Plaintiff recovered a judgment in this case against defendant township in an action for damages on account of the loss of a horse, caused, as is claimed, by the negligence of the township in not maintaining a certain highway within its limits in reasonable repair, and in a condition reasonably safe and fit for travel. Defendant offered no witnesses, and at the close of the proofs in the case moved for an instructed verdict on the ground of contributory negligence of plaintiff. This motion was denied. Error is assigned upon such refusal, and this is the only question discussed on the part of defendant and appellant.

*539The material facts are that plaintiff has resided in the township for 16 years. This highway, known ás the “ Newberry road,” is the main traveled road between Engadine and Newberry, and necessary to be used by plaintiff in going from Donald, the name of the post office near which he lives, to Newberry. This road runs north and south, and plaintiff travels upon it from his home north to reach Newberry. There are hills on this road known as “Eckley Hills,” over which it passes. On the east side of the track on the first hill going north is a ditch downhill, the upper portion of which is filled with stone, and the lower part open, which, crowding to the west, encroaches upon the track. It is from a foot to 18 inches wide, and from 8 to 18 inches deep. There were no drains constructed to carry off the rainfall upon the hill, and this one was cut by the water running downhill. The soil is red clay, and recent rains had made the hill slippery. The ditch at the place where the accident occurred runs about in the center of the track, leaving a space on the west side of it of eight or nine feet between it and the embankment on the west side of the road, and side of the hill. It is necessary to go upon this eight or nine feet and pass along in order to avoid getting into the ditch.

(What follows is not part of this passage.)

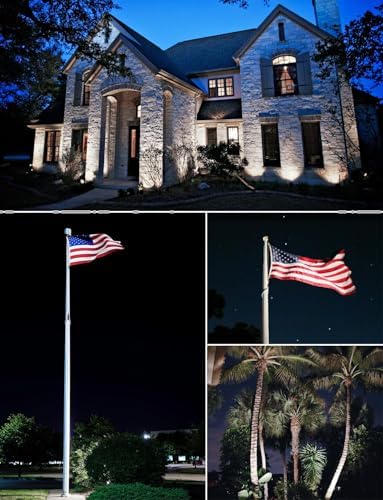 SUNVIE 30W LED Spot Lights Outdoor 5000K Daylight Flag Pole Light 120V Plug in Spotlight Outdoor with US 3-Plug Waterproof Flag Lights Outdoor Ultra Bright Landscape Spotlights for Palm Tree Statue - Image 5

On the morning of October 26,1910, the plaintiff started from home early, driving his team with an empty wagon, bound for Newberry for the purpose of obtaining a load of grain. He came down this hill with care, avoiding this ditch, and, after he had arrived at the foot of the hill, left his team, and went back,, as he testified—

“ And examined it to see how I was going to get back by it at night, and whether I had better turn back home, and I made up my mind by going to the west as close as I could to the embankment, if the wagon stayed there, that I could go by, keeping as tight to the west side of the road as I could.”

He proceeded to Newberry, got his load, and started on his return home at 3 o’clock in the afternoon. He arrived at this hill about 9 o’clock. It was very dark, and, when *540he came to this place, he got off the wagon, and felt with his feet on the west side to know how close he was to the west side of the cut in order to keep clear of the ditch. He says:

“ This turn was the only turn to use. It was the beaten track that had been made by teams passing this ditch.”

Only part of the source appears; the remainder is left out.